New Scientist: To put up an oil rig, follow that clam (Hat tip: Seth)
Razor clams retreat rapidly into the sand when threatened, making them elusive prey. The clams move with ease into muddy silt and gravelly sand, despite being able to exert a force only one-tenth that required for a person to push a clam shell into the sand. Winter dug up some clams to observe their uncanny burrowing ability, and then built a "roboclam" that is able to burrow into the sand by mimicking their action.Also here.
"That's what got the oil industry interested," says Hosoi. If the clam's technique can be replicated mechanically, it could prove ideal for anchoring offshore rigs in the soft seabed of the Gulf of Mexico and other oil-rich waters around the world.
So how do the clams do it? A slowed-down video of a clam digging offers some clues. The clam first braces itself by opening its long shell, then extends its muscular foot forward. Then it partly closes its shell and backs off, which temporarily loosens the sediment in front. The clam then darts forward, gaining ground in the process.

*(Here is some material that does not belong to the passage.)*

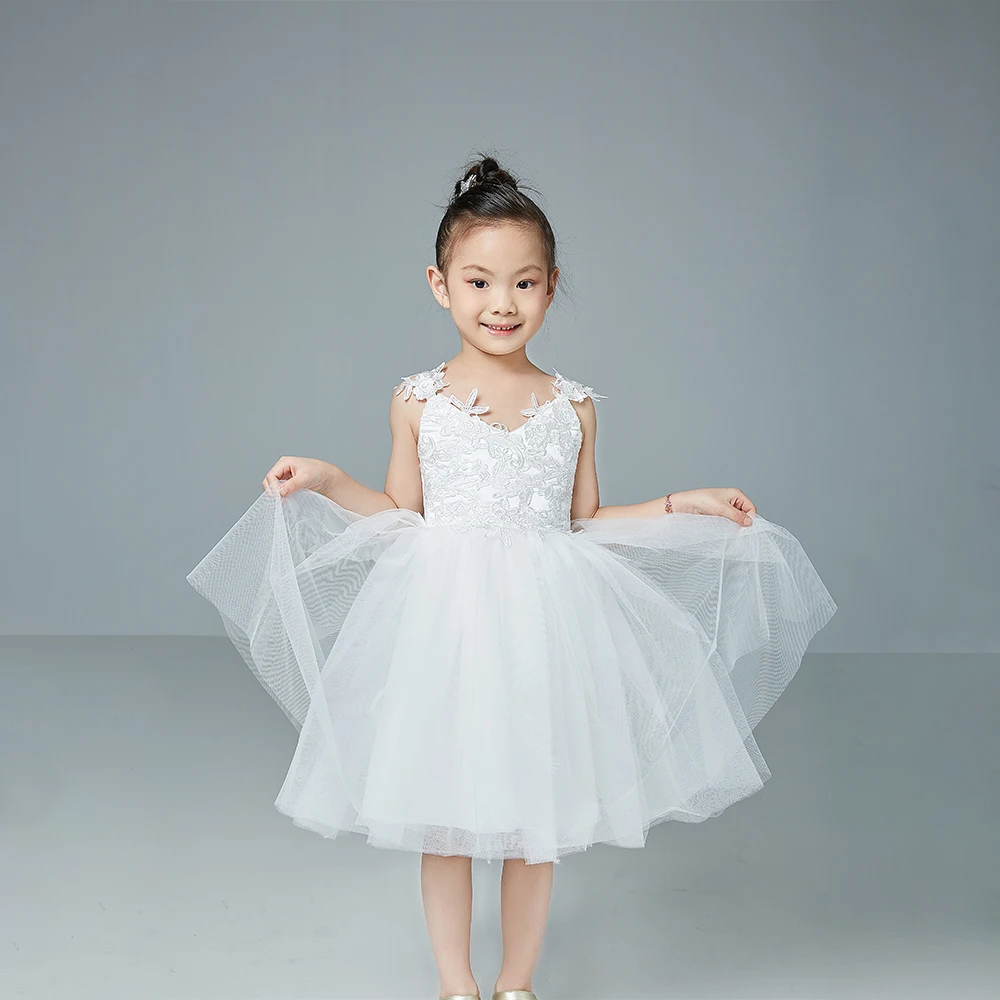 Wholesale lovely pink flower girl dress sleeveless bowknot dress and appliqued lace princess dress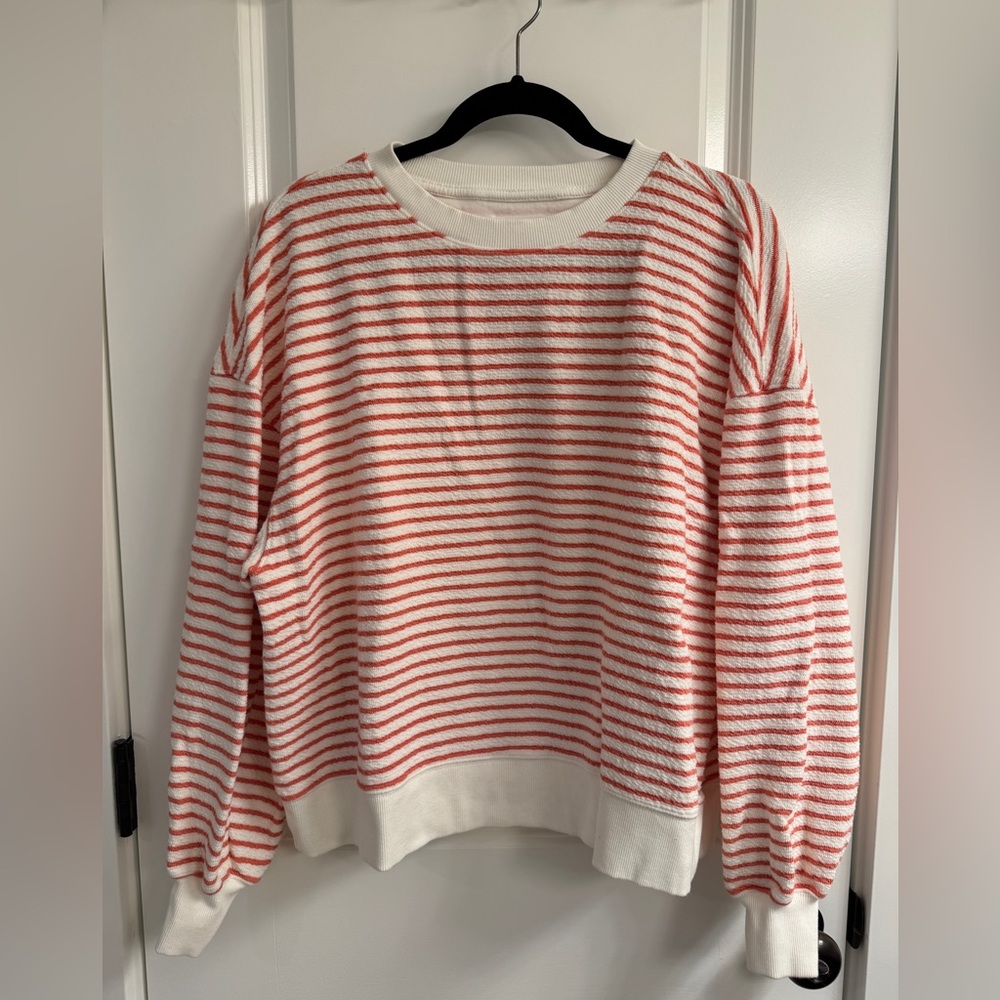American Eagle AE Striped Crew Oversized Sweatshirt Sz S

The roboclam is one of several ongoing MIT projects being sponsored by energy multinational Chevron to the tune of $6.5 million over the next five years – it is also partially funded by Bluefin Robotics of Cambridge, Massachusetts. Chevron's motivation grows more obvious with every hike in oil prices. The industry is hoping that sooner or later that the ban on offshore drilling will be lifted. Last month, both US president George Bush and presidential candidate John McCain advocated lifting the ban, as did Florida governor Charlie Crist, whose state has large offshore oil reserves. ...
"As we move to deeper water everything becomes harder and vastly more expensive," says Owen Oakley, a consultant with the research arm of Chevron. The high pressures and low temperatures at depths greater than 2500 metres will require more robust equipment and better communications. So the order-of-magnitude leap in digging efficiency demonstrated by the razor clam would be of great benefit to anchoring systems, which are heavy and costly to deploy.
The roboclam will be tested in the field this autumn. Hosoi admits the roboclam may not scale up to oil-rig proportions, but even so it could be used to anchor and move smaller pieces of equipment on the seabed. The industry is interested enough to keep funding the work. "These are not people worried about the end of oil," she says.